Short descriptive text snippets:
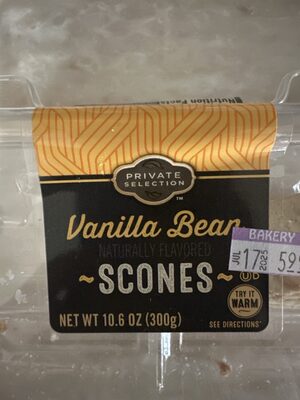 Vanilla Bean Scone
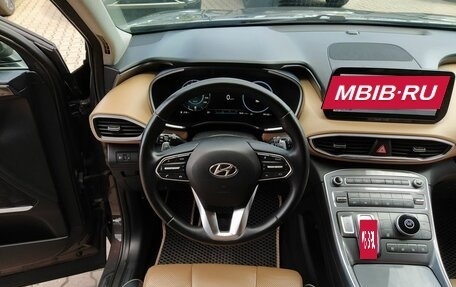 Hyundai Santa Fe IV, 2021 год, 3 039 000 рублей, 29 фотография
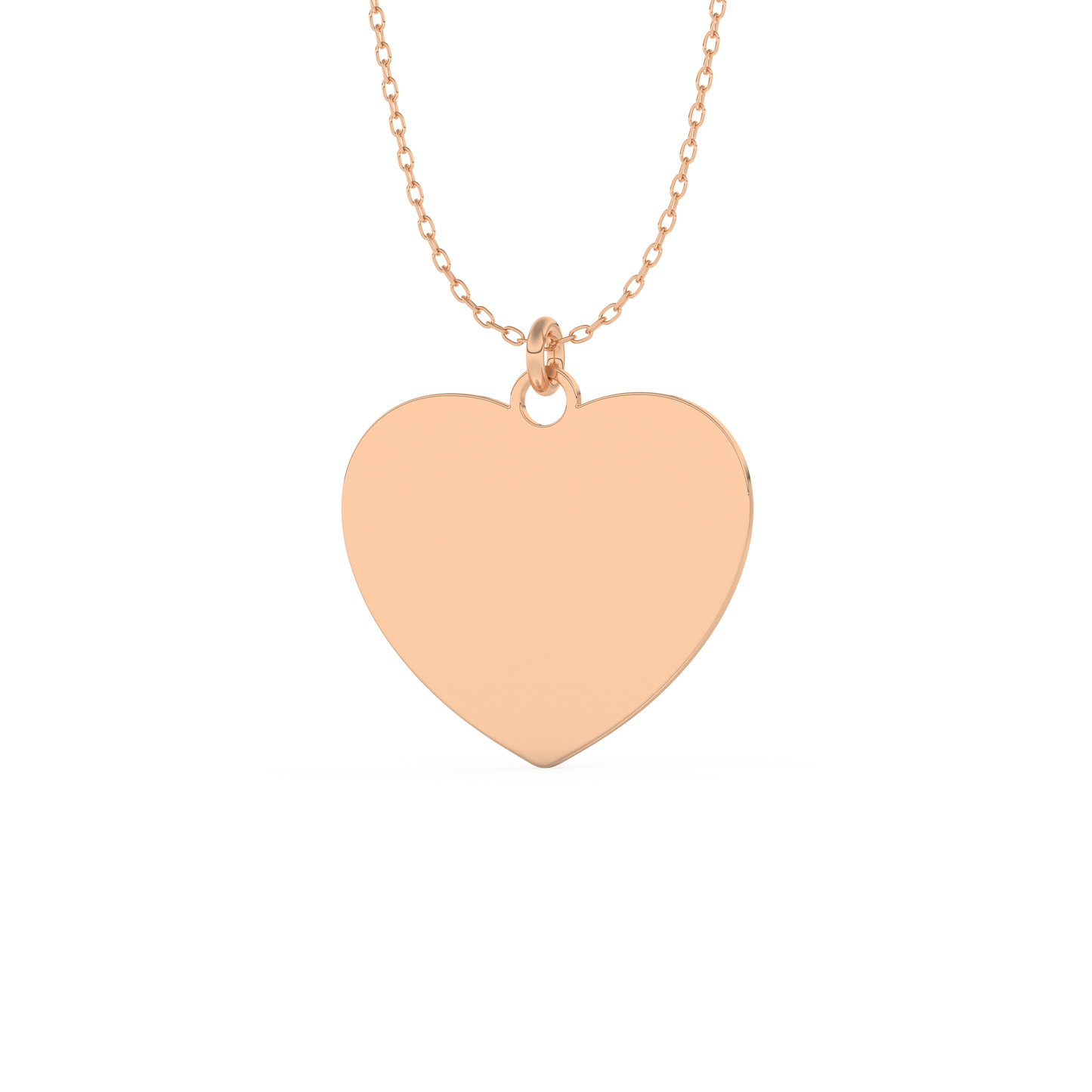 Custom Pendant Necklace – Personalized Fingerprint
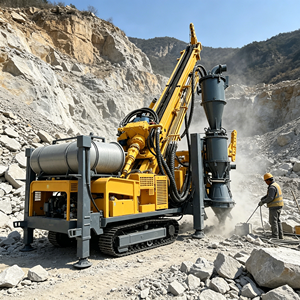 Variable Speed Reverse Circulation Drilling <strong>Rig</strong> for Different Stratum Water Well Drilling - Product Image 3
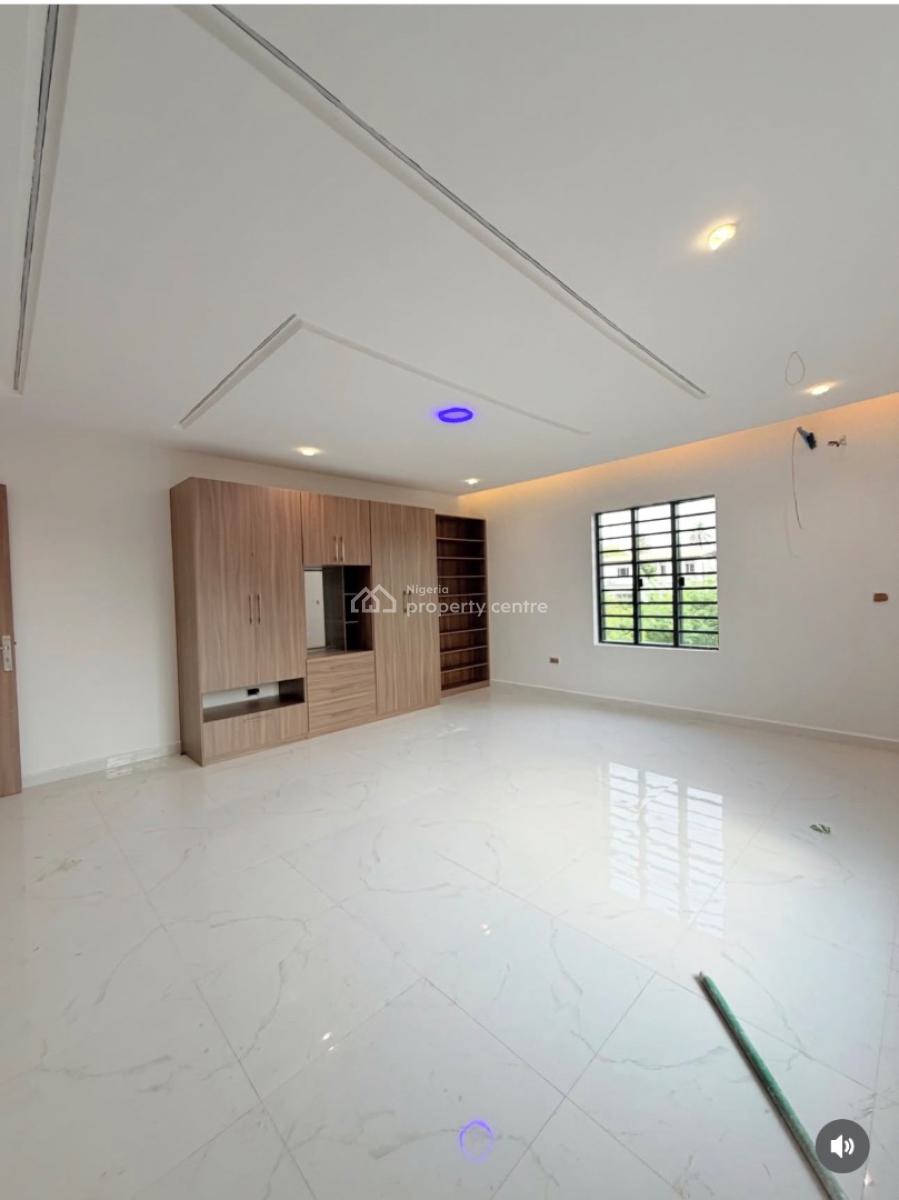 Newly Built 4 Bedroom Fully Detached Duplex with Bq, Adeniyi Jones, Ikeja, Lagos, Detached Duplex for Sale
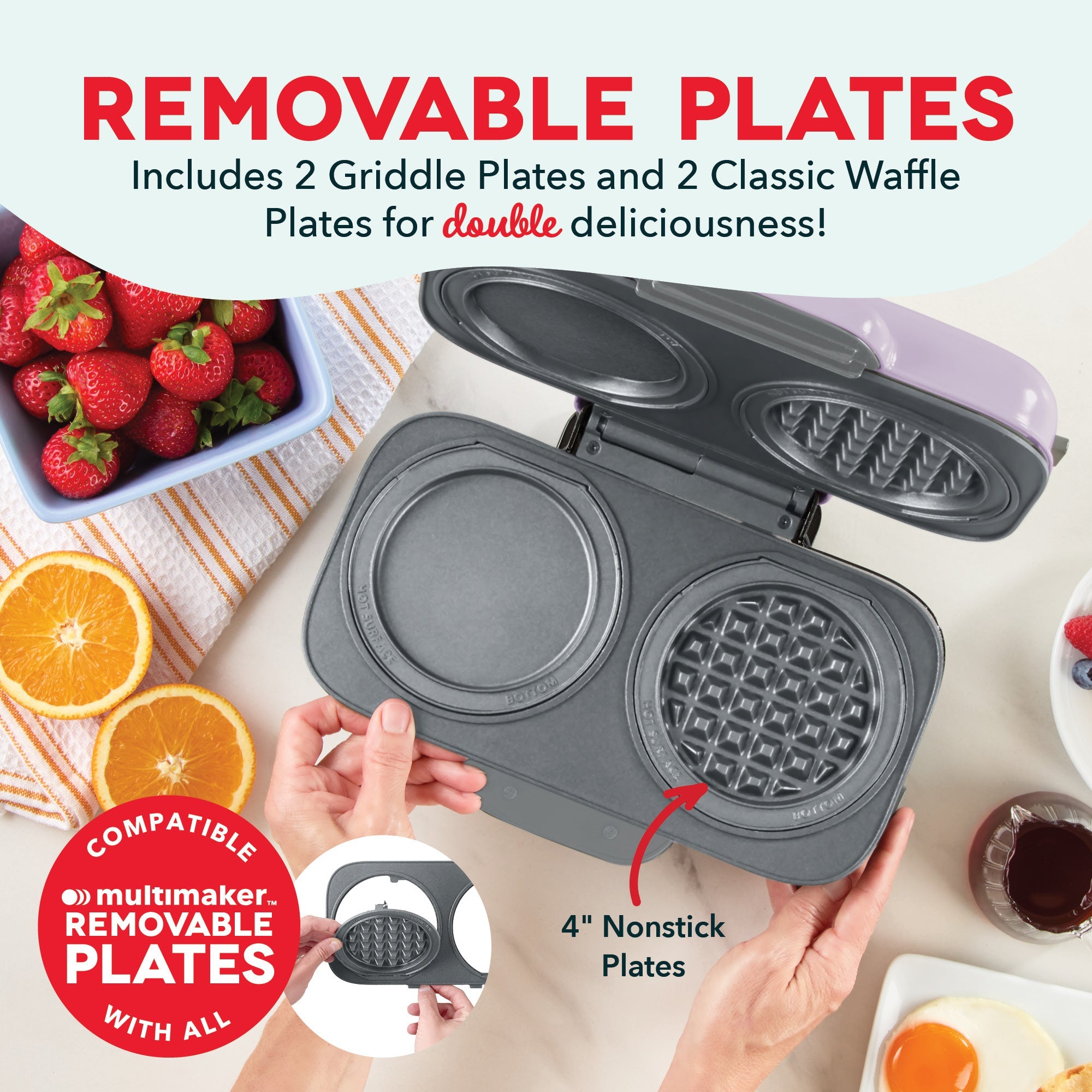 MultiMaker® Double Mini Maker System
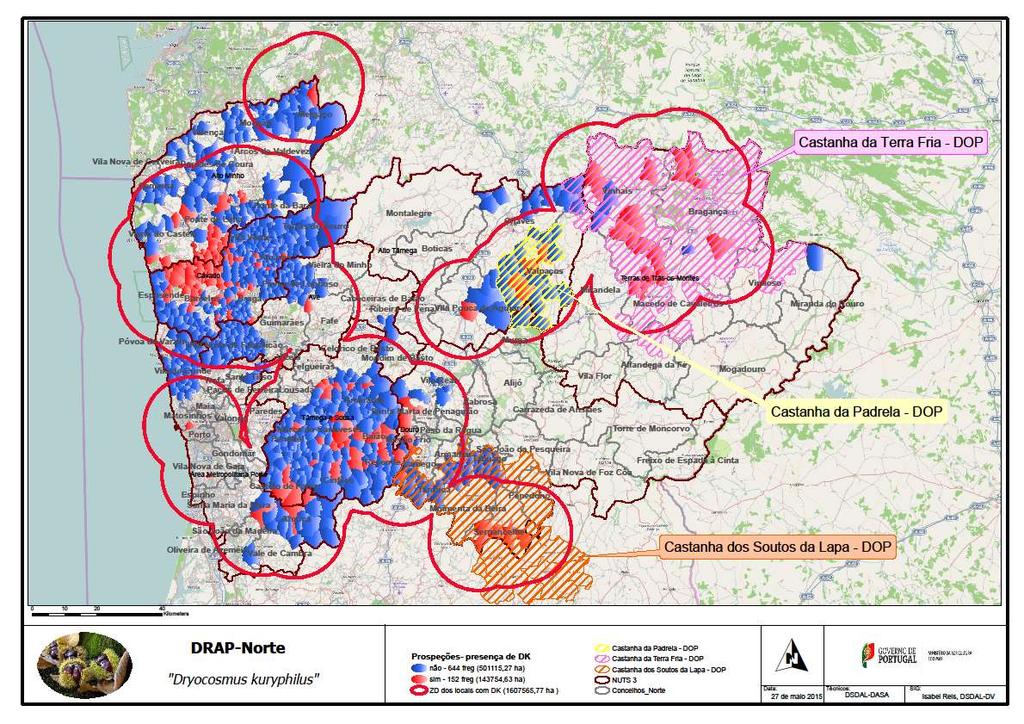 Mapa 2 redefinição das Zonas Demarcadas (27/5/2015) ZD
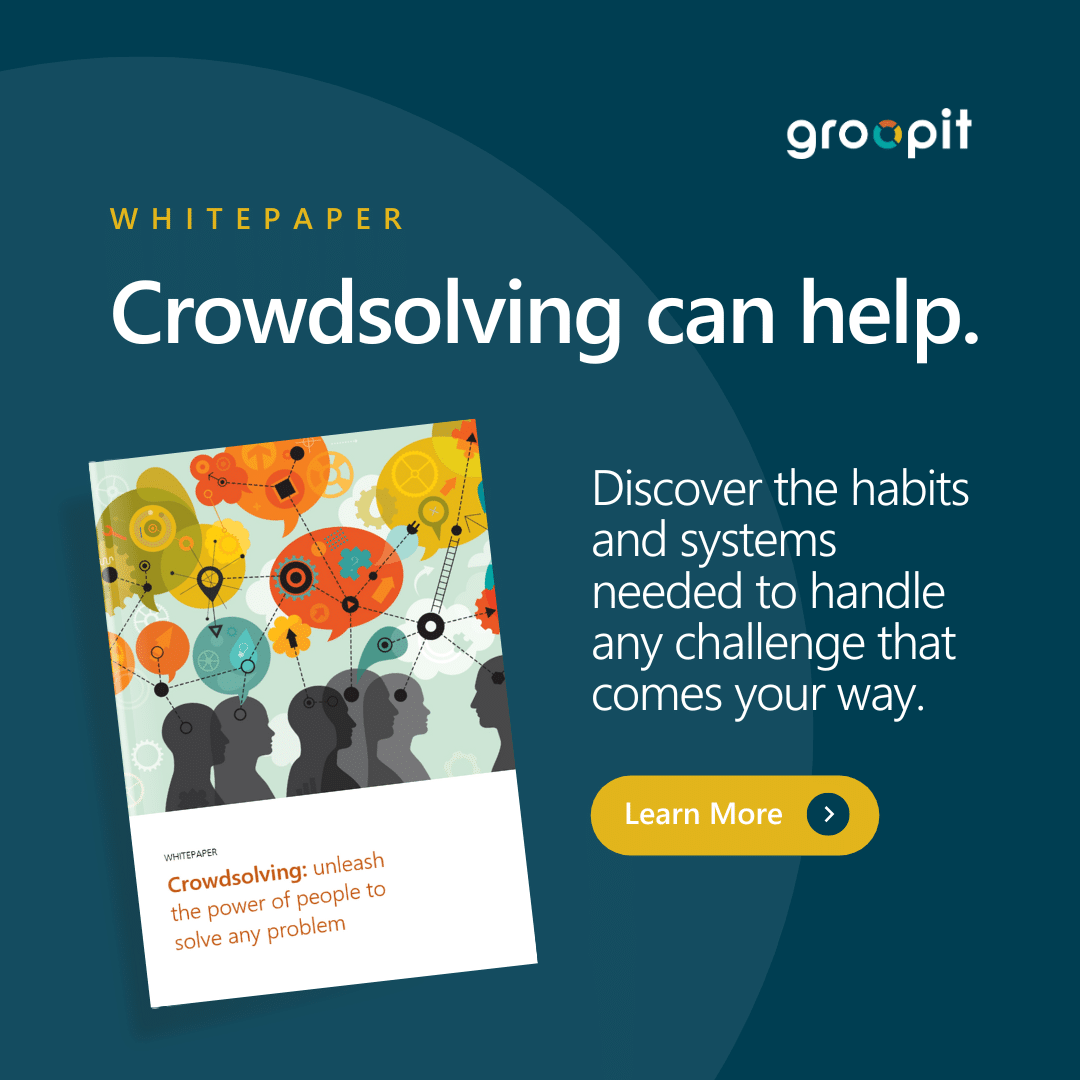 Groopit Crowdsolving Whitepaper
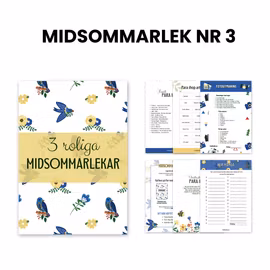 Midsommarlekar för vuxna nr 3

Exercise prompt: An exact copy is needed of the lines running from the one with "Mapa 2 redefinição" through the end of the data above, and of those lines only, without pictures.

Your solution:
 Mapa 2 redefinição das Zonas Demarcadas (27/5/2015) ZD
 Groopit Crowdsolving Whitepaper
 Midsommarlekar för vuxna nr 3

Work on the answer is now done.